Producing renewable fuel anywhere in the world, based on light and air? It can be done with the unique hydrogen technology developed at KU Leuven. This has been demonstrated extensively in recent years by integrating the technology into a hydrogen panel. Now that the innovation is sufficiently mature, a new KU Leuven spin-off has just been established - Solhyd - which will demonstrate its potential in market-oriented (pilot) projects. A consortium of investors is committing to invest up to 6 million euros into the company over the next few years. A first tranche of 2 million euros in seed capital is already being put on the table today.
Hydrogen will play an important role in the future energy mix in the transition to a CO2-neutral society. If made from green electricity, it is a renewable source of energy ('green hydrogen'), which can also be easily stored and transported. However: green electricity is scarce and still expensive, so hydrogen production today is mainly based on natural gas ('gray hydrogen').
Today, less than 1% of hydrogen demand is met by renewable hydrogen gas. We need to raise that percentage quickly to meet climate goals. In that transition, Solhyd wants to be an important partner and we have that opportunity now.
Jan Rongé, CEO Solhyd
That's why Jan Rongé and Tom Bosserez - both until recently KU Leuven researchers - invented an alternative, under the guidance of Professor Johan Martens of the Center for Surface Chemistry and Catalysis. They call their alternative 'golden hydrogen'.

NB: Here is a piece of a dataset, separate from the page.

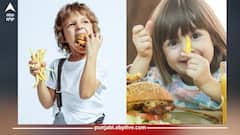 Kids Health: ਬੱਚੇ ਹੋ ਗਏ ਜੰਕ ਫੂਡ ਖਾਣ ਦੇ ਆਦੀ, ਛੁਟਕਾਰਾ ਪਾਉਣ ਲਈ ਅਪਣਾਓ ਇਹ ਟਿਪਸ, ਨਹੀਂ ਤਾਂ ਹੋਏਗਾ ਵੱਡਾ ਨੁਕਸਾਨ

"That is hydrogen made directly from light and air", explains Jan Rongé. "We developed a unique patented technology that using sunlight, splits the water vapor present in the air into hydrogen gas and oxygen gas through a membrane. So with our technology, which we built like a hydrogen panel, you can produce renewable fuel anywhere. On any scale, without needing electricity from the grid and without using rare or harmful materials. It is a necessary complement to electrolysers, which require large amounts of green electricity, rare metals and liquid water."
Big ambitions
The hydrogen panel is the same size as a solar panel and produces hydrogen as soon as it is outside. "The potential of the technology is very important," says Rongé. "In the short term, it could be used by SMEs to move away from oil and gas, for example in their freight transport. In the longer term, it could help industries such as the steel and chemical industry make their operations more sustainable. By 2050, the demand for renewable hydrogen is expected to be as high as the demand for natural gas is today."
In order to respond to that demand with the promising technology, and thus help reduce dependence on fossil fuels, the new KU Leuven spin-off Solhyd has just been founded. The company has raised two million euros in seed capital from four Flemish investors and from the university's own Gemma Frisius seed capital fund. This consortium is also committed to releasing up to six million euros in total, depending on the needs and results of the spin-off.
I am proud that our pioneering research is being valorized in a spin-off and it will have the opportunity to blossom into a world innovation in a global market. You can see hydrogen as a way for chemistry to contribute to a CO2-neutral society. Our system to produce hydrogen is CO2-neutral and also water-neutral: we take water vapor out of the air, generate energy with it, and at the end of the cycle you have water vapor again.
Professor Johan Martens, co-founder Solhyd
"Solhyd will use these resources in the coming years to further demonstrate the potential of hydrogen technology in pilot and market-oriented projects", Rongé explains. "To this end, we will collaborate with companies that want to take a leading role in the sustainable transition. Together, we will also examine whether the technology can be cost-effectively applied in products other than the hydrogen panel. The challenge is great: the use of oil and gas urgently needs to go to zero. So our ambitions are big as well."